Aim of the task: Would you output the entries below only from the line containing "Tessa Blanchard OnlyFans" through the line containing "Appartamento Pierres Et Charme Rodez", exactly as they stand and with both ends included?

Web page caption snippets:
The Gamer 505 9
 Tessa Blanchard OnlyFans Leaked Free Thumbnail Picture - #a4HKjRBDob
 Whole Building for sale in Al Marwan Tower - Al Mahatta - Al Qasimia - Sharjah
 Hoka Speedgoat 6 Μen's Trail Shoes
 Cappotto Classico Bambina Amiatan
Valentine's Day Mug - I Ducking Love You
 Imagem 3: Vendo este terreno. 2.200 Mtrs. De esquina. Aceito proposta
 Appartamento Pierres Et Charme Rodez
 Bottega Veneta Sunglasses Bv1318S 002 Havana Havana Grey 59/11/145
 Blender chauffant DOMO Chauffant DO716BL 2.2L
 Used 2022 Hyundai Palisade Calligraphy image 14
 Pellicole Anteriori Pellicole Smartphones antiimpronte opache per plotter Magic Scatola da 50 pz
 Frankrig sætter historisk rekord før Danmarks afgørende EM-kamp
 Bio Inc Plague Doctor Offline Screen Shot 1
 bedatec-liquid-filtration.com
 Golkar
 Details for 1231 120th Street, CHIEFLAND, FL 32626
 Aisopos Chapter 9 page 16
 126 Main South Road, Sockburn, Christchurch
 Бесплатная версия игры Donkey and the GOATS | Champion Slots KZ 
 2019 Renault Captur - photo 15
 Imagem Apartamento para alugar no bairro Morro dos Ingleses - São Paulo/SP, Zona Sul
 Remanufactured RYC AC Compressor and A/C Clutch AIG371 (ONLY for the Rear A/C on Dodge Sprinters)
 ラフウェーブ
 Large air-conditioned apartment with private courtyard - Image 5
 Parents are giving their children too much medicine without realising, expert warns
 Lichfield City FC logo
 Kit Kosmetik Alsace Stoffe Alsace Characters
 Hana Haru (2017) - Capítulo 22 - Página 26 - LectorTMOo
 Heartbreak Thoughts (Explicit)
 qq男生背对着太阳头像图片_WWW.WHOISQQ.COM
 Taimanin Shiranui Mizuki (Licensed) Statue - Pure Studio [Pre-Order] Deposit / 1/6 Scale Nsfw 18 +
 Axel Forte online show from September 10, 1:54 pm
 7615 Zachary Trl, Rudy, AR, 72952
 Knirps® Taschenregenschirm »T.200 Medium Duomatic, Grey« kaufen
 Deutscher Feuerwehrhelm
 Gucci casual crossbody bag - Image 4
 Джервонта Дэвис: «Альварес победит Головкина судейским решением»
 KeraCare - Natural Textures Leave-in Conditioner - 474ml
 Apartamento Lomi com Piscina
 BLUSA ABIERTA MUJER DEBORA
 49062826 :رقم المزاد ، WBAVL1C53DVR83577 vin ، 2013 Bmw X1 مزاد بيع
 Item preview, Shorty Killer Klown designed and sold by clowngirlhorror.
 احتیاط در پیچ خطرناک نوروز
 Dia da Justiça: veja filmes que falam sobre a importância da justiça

Task response:
 Tessa Blanchard OnlyFans Leaked Free Thumbnail Picture - #a4HKjRBDob
 Whole Building for sale in Al Marwan Tower - Al Mahatta - Al Qasimia - Sharjah
 Hoka Speedgoat 6 Μen's Trail Shoes
 Cappotto Classico Bambina Amiatan
Valentine's Day Mug - I Ducking Love You
 Imagem 3: Vendo este terreno. 2.200 Mtrs. De esquina. Aceito proposta
 Appartamento Pierres Et Charme Rodez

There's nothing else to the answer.